In reality, the seller of the wine could, just as easily, have taken from the buyer of the wine, a piece of paper saying the bearer has a claim to 100 hours of labour-time. They could then have used this to buy the plough, and the owner of the plough used it to buy linen. That really is what happened with the circulation of Bills of Exchange, and is what happens with bank notes. The only difference is that the value is expressed not in terms of labour-time, but in terms of £'s, €'s, $'s etc., which initially represented a certain quantity of gold or silver.

The only reason that the buyers and sellers of commodities insisted on payment with some actual commodity, like gold or silver was a matter of trust. (That was also the reason De Gaulle insisted on the US settling its payments to France with gold rather than dollars.) That is what stands behind any piece of paper like an I.O.U. that a buyer may proffer in payment. The payee must feel confident that that if they accept it, they will be able to obtain the value it represents, and that others will accept it in payment from them. The reason money takes the form of a money commodity, like gold, is precisely because it has value. It has use value that is demanded, which is the first requirement of a commodity, and it is the product of labour, which gives it its value.

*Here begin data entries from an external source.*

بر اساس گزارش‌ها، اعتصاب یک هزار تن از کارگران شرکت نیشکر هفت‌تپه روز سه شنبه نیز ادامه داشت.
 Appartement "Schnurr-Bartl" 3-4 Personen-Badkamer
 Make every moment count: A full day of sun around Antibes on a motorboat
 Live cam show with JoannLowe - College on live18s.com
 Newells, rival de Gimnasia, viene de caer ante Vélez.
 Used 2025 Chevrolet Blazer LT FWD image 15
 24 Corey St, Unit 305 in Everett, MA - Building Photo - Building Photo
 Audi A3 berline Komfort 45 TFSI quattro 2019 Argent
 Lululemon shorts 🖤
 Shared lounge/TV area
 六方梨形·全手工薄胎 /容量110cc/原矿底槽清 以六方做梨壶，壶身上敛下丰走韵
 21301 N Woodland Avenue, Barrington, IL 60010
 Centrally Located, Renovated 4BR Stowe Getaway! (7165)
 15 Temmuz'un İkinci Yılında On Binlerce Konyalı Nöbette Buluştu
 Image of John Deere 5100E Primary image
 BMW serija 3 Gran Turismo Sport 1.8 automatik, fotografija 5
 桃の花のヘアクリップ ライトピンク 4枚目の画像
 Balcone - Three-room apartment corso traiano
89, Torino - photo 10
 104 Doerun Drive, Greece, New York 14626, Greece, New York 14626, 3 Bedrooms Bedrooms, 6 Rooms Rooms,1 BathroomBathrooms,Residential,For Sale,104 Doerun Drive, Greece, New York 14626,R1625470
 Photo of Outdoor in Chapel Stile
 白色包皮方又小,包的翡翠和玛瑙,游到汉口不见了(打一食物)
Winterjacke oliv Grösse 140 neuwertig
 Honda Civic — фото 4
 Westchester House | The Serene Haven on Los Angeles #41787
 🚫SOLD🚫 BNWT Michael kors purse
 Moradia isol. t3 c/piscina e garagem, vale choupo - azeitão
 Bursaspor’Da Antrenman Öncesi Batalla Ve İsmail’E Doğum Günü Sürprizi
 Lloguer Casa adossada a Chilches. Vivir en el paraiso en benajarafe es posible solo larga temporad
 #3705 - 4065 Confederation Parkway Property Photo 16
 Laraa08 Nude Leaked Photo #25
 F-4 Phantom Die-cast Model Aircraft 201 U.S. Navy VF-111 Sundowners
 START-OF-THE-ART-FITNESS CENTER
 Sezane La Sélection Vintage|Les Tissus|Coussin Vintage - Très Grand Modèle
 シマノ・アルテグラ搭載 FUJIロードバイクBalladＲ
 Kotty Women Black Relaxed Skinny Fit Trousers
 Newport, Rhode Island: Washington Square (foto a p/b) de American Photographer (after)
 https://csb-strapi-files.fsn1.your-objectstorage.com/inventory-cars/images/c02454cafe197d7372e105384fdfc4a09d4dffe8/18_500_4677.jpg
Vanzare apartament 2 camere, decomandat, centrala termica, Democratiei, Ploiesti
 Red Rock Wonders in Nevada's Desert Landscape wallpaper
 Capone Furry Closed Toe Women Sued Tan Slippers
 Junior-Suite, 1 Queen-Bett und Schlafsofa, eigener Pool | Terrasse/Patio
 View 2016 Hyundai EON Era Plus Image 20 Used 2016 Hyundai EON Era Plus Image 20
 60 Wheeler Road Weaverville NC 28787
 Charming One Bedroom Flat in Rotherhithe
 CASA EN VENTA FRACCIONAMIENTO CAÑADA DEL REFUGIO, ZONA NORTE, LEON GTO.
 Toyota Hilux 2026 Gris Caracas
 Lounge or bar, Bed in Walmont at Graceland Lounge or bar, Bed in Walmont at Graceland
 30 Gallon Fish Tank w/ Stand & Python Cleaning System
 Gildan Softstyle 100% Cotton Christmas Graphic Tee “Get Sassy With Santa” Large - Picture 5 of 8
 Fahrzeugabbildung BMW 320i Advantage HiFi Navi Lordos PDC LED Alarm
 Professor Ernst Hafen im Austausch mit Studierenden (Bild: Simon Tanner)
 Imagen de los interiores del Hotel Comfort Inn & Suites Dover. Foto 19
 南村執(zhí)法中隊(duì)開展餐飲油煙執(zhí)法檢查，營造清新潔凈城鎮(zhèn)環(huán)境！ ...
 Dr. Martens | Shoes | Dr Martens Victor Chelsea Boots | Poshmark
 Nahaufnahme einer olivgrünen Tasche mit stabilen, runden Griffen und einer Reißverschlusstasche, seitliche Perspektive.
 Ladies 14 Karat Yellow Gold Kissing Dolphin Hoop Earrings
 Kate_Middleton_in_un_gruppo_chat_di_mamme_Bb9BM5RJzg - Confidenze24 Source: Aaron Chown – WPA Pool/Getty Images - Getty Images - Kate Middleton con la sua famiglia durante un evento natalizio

But, apart from these considerations, there is no reason why money should take the form of a money commodity, which itself places restrictions on circulation – for example, if there is a shortage of the commodity to act as the medium of circulation – and is itself costly, because the money commodity must be produced and minted for no other reason other than to fulfil this function. A country that has no gold production of its own, for example, is at a disadvantage in using physical gold for its currency, because it must first sell commodities to a gold producing country, in order to obtain this gold, mint it and throw it into circulation. Yet, in every other way, such a country may be well endowed with capital in the form of easily mobilised means of production, and consumption and available labour supply.

For such a country, however, there is no reason why it should not use gold as the basis of its money, in so far as a certain quantity of gold is the manifestation, the equivalent form of a certain amount of value, a certain quantity of labour-time. A gram of gold may have a value of 10 hours of labour-time. In that case, the value of all other commodities in this economy can be expressed in this equivalent form, of so many grams of gold, even though not one single gram actually exists within the economy.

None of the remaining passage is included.